[Collection entries]
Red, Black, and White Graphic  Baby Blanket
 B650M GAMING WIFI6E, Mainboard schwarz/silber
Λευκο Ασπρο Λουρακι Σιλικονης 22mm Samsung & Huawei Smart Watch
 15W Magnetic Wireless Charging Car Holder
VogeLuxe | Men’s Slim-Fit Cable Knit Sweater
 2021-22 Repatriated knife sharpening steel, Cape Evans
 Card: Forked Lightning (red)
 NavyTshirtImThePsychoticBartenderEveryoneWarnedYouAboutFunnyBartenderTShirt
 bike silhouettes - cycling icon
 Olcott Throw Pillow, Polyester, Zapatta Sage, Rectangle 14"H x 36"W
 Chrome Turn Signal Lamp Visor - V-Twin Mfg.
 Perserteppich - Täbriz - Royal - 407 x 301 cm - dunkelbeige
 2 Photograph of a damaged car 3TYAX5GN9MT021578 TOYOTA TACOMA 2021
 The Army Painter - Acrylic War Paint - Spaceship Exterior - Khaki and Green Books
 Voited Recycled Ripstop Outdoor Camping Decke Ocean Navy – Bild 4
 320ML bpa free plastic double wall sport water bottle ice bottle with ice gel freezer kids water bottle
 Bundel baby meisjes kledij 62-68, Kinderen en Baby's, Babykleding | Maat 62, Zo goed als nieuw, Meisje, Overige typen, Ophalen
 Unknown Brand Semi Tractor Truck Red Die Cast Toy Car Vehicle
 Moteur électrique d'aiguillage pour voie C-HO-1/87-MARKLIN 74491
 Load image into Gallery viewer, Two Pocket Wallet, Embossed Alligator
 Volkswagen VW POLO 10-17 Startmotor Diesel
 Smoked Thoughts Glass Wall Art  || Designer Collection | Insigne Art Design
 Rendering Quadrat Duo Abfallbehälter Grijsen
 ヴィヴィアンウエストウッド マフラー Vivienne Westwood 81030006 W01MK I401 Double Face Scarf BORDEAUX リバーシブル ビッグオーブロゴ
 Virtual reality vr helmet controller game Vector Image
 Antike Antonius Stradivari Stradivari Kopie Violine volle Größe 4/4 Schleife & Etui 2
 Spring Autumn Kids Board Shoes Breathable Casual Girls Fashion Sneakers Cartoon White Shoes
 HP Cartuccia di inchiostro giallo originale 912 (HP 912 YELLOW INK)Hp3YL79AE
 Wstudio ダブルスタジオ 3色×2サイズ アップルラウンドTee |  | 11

TASK DESCRIPTION:
Repeat exactly, and only, the lines from the line containing "Spring Autumn Kids" through the last line of the records above, both included.

SOLUTION:
 Spring Autumn Kids Board Shoes Breathable Casual Girls Fashion Sneakers Cartoon White Shoes
 HP Cartuccia di inchiostro giallo originale 912 (HP 912 YELLOW INK)Hp3YL79AE
 Wstudio ダブルスタジオ 3色×2サイズ アップルラウンドTee |  | 11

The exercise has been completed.